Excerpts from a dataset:

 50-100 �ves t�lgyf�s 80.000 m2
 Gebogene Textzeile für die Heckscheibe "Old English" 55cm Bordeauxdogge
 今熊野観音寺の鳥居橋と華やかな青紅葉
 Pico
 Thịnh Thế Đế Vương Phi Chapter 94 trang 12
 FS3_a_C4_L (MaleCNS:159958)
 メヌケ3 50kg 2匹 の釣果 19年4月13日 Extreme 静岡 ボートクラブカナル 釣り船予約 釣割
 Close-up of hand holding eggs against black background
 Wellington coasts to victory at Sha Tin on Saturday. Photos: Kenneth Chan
==
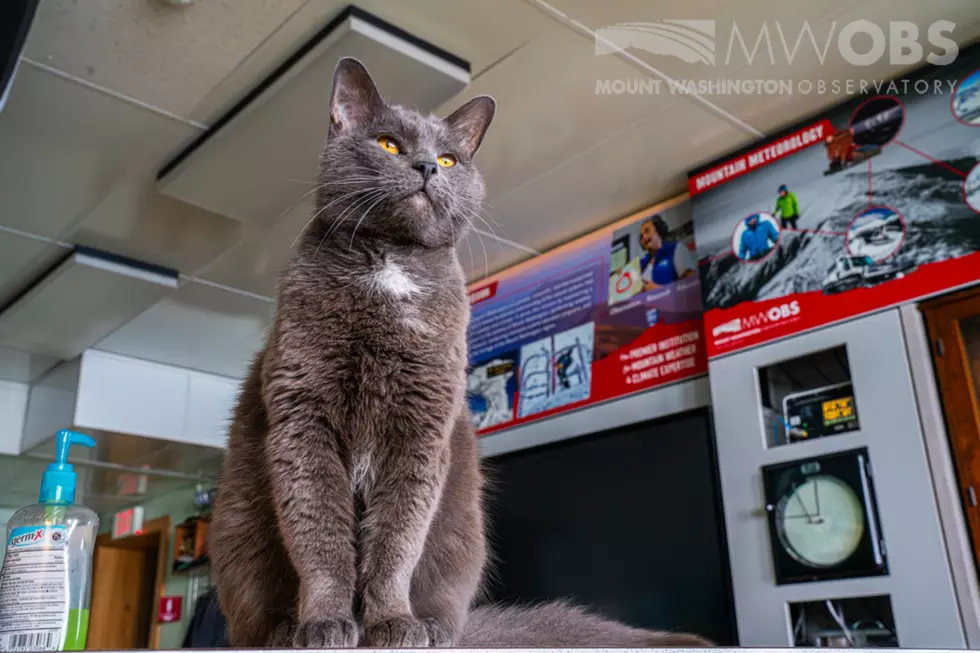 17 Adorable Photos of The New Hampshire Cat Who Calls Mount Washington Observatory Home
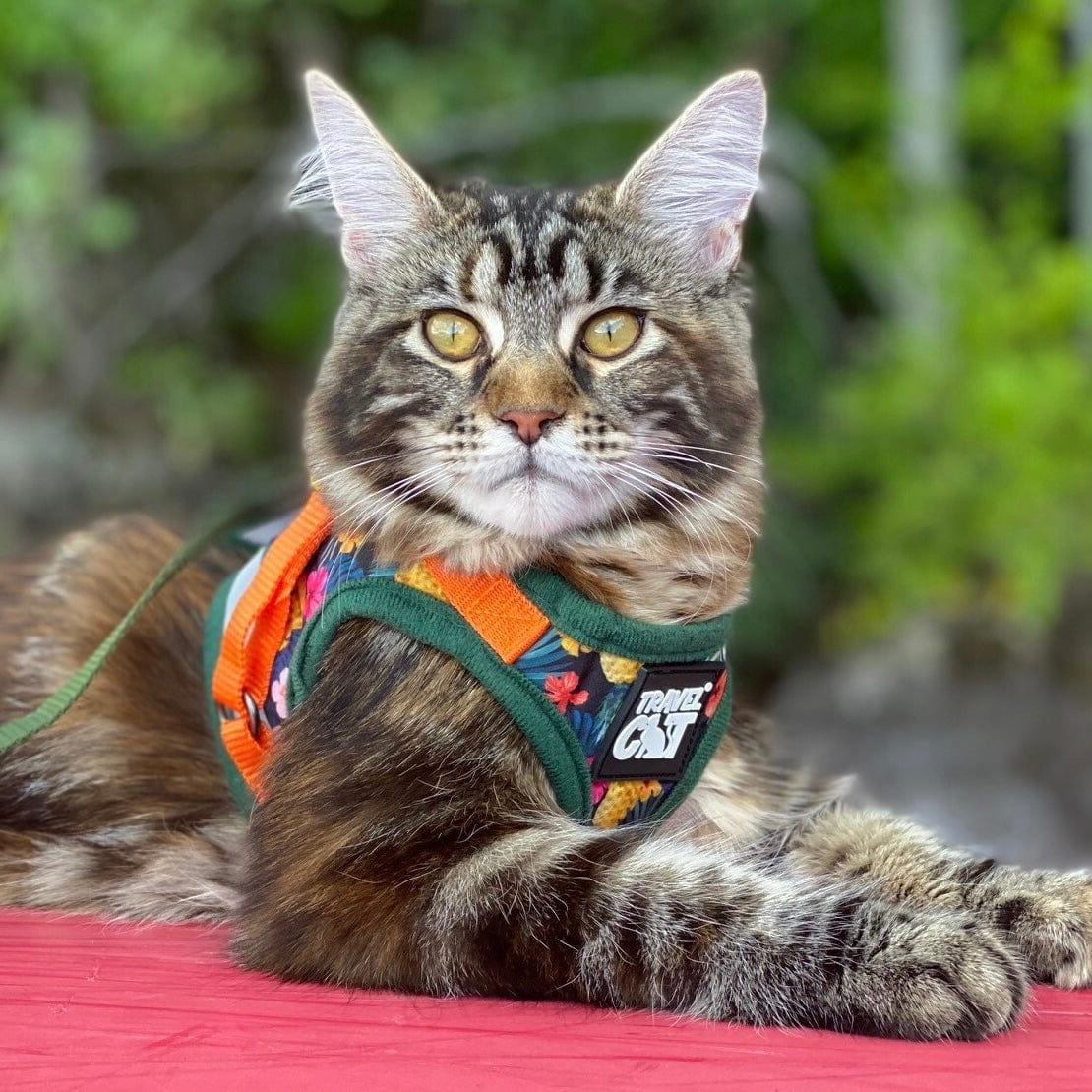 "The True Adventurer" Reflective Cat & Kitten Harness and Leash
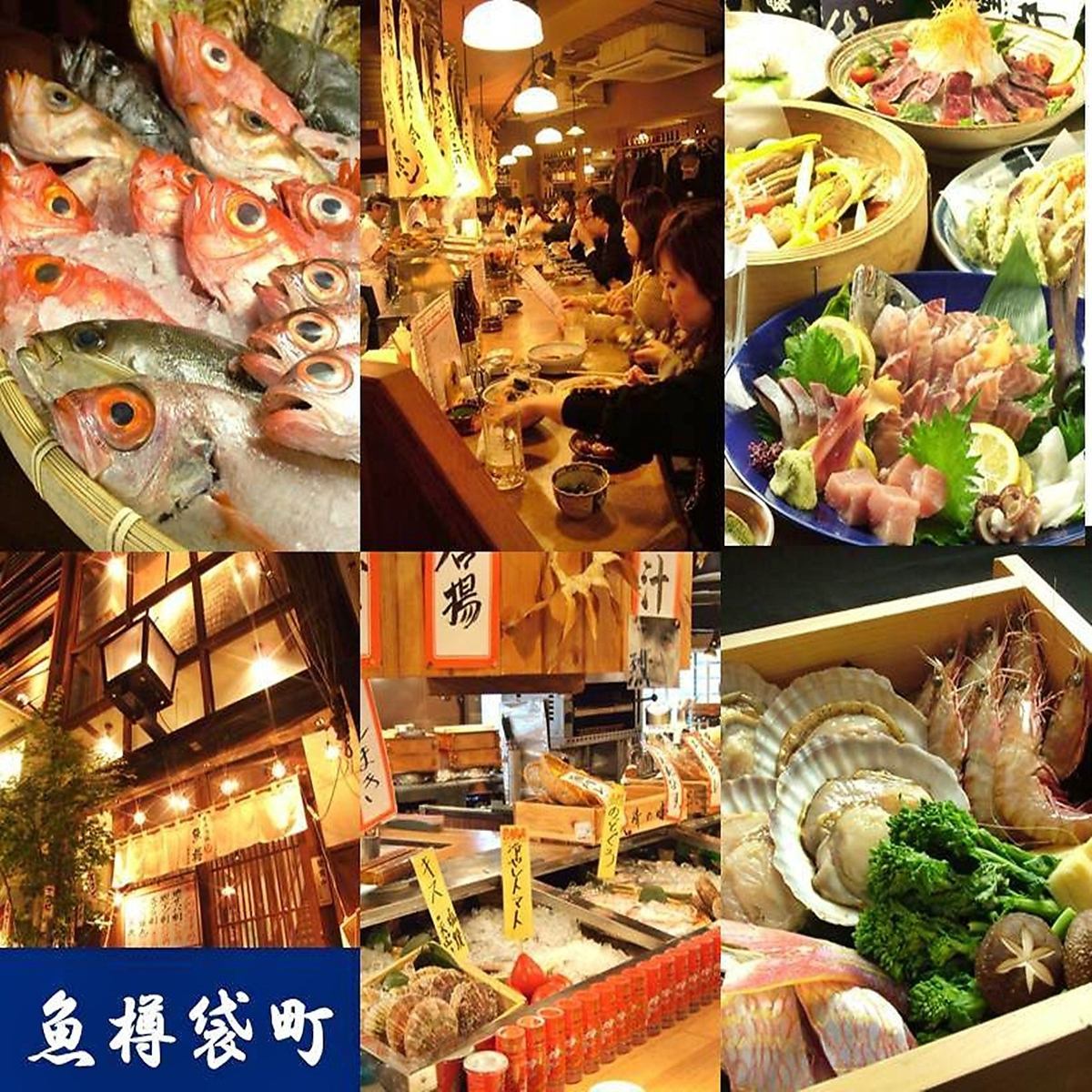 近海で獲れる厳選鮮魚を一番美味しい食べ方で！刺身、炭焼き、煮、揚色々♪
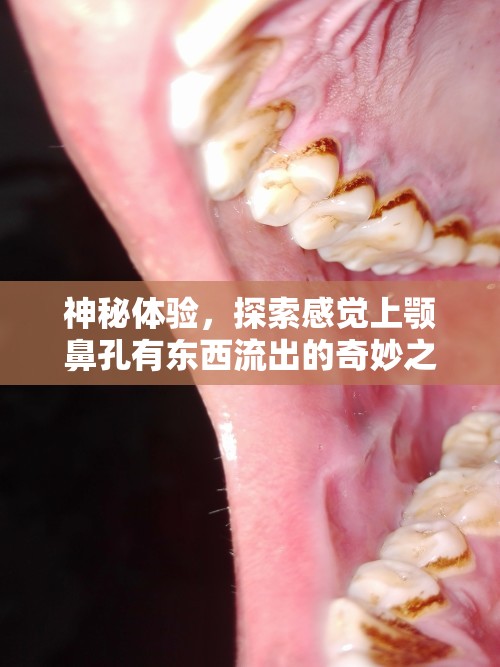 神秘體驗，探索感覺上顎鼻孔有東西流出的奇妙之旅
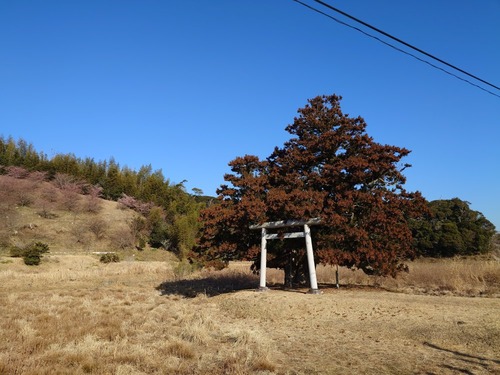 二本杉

* [What is required]: Out of the entries above, write out only the lines between the line holding "Thịnh Thế Đế Vương Phi Chapter 94 trang 12" and the line holding "Wellington coasts to", inclusive, each exactly as given.

* [Output for this exercise]:
 Thịnh Thế Đế Vương Phi Chapter 94 trang 12
 FS3_a_C4_L (MaleCNS:159958)
 メヌケ3 50kg 2匹 の釣果 19年4月13日 Extreme 静岡 ボートクラブカナル 釣り船予約 釣割
 Close-up of hand holding eggs against black background
 Wellington coasts to victory at Sha Tin on Saturday. Photos: Kenneth Chan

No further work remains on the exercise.